Only two of the names appear on both the "conservative" bank dividend stock list and this new list.

Some of these stocks have performed well over the past year, although most have not. When considering this group, it's important to keep your investment objective in mind. If you are looking for income, some of these names have very attractive dividend yields, especially in the prolonged low-rate environment. Then you need to consider how likely it is for the company's earnings to sustain the dividend, while also building or maintaining sufficient capital to keep operating in a stable manner.

None of these 10 holding companies owe bailout funds to the government.

For investors more focused on growth, several of these names have achieved real earnings improvement over the past year and for most of the group, analysts are expecting continued improvement in operating performance this year and in 2012.

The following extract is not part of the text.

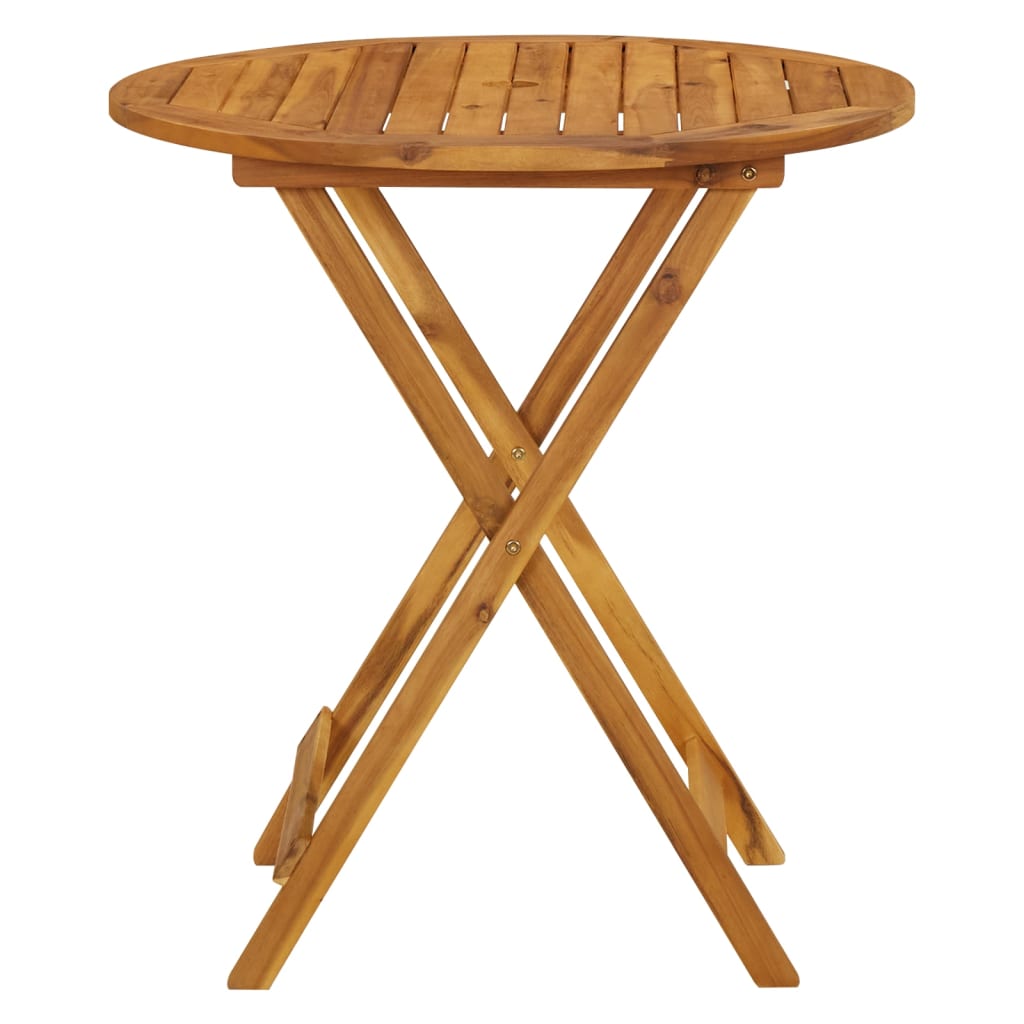 vidaXL Folding Patio Table 35.4"x35.4"x29.5" Solid Acacia Wood-28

All data was provided by SNL Financial. Here are the 10 actively traded bank stocks with the highest dividend yields:

10. Dime Community Bancshares

Dime Community Bancshares ( WSBC) of Brooklyn, N.Y. has seen its stock return 12% over the past year, closing at $13.65 Friday. Based on a quarterly payout of 14 cents, the shares have a dividend yield of 4.10%. Dime had the second-highest yield among TheStreet's conservative list of 10 Bank Dividends with Room to Rise.

The company had $4.1 million in total assets as of March 31, with 26 branches in Brooklyn, Queens and the Bronx, as well as in Nassau County on Long Island.

Dime reported first-quarter net income of $11.1 million, or 33 cents a share, increasing from $9.5 million, or 28 cents a share, during the first quarter of 2010. Earnings were boosted by a decline in the company's provision for loan losses to $1.4 million in the first quarter from $3.4 million a year earlier. Net interest income increased 7% year-over-year, to $35 million.

Dime's first-quarter return on average assets (ROA) was 1.08%, and its dividend payout ratio -- dividends declared divided by earnings-per-share -- was 42% during the first quarter, according to SNL Financial. Dime's payout ratio has been 50% or lower over the past five quarters, which is why the company was included in the list of 10 Bank Dividends with Room to Rise.

After the first-quarter results were announced, Matthew Kelley of Sterne Agee reiterated his neutral rating on Dime Community, saying that the shares were fairly valued, but estimating a "potential terminal value" ranging from $17 to $19 a share, "or 10x-11.5x pro forma 2012 earnings with 25% cost saves."

Kelly lowered his 2011 earnings estimate for Dime by a nickel to $1.29 a share, and his 2012 estimate by six cents to $1.30.

The consensus among analysts polled by FactSet is for the company to earn $1.34 a share during 2011. The shares trade for 10 times the consensus 2012 earnings estimate of $1.41 a share.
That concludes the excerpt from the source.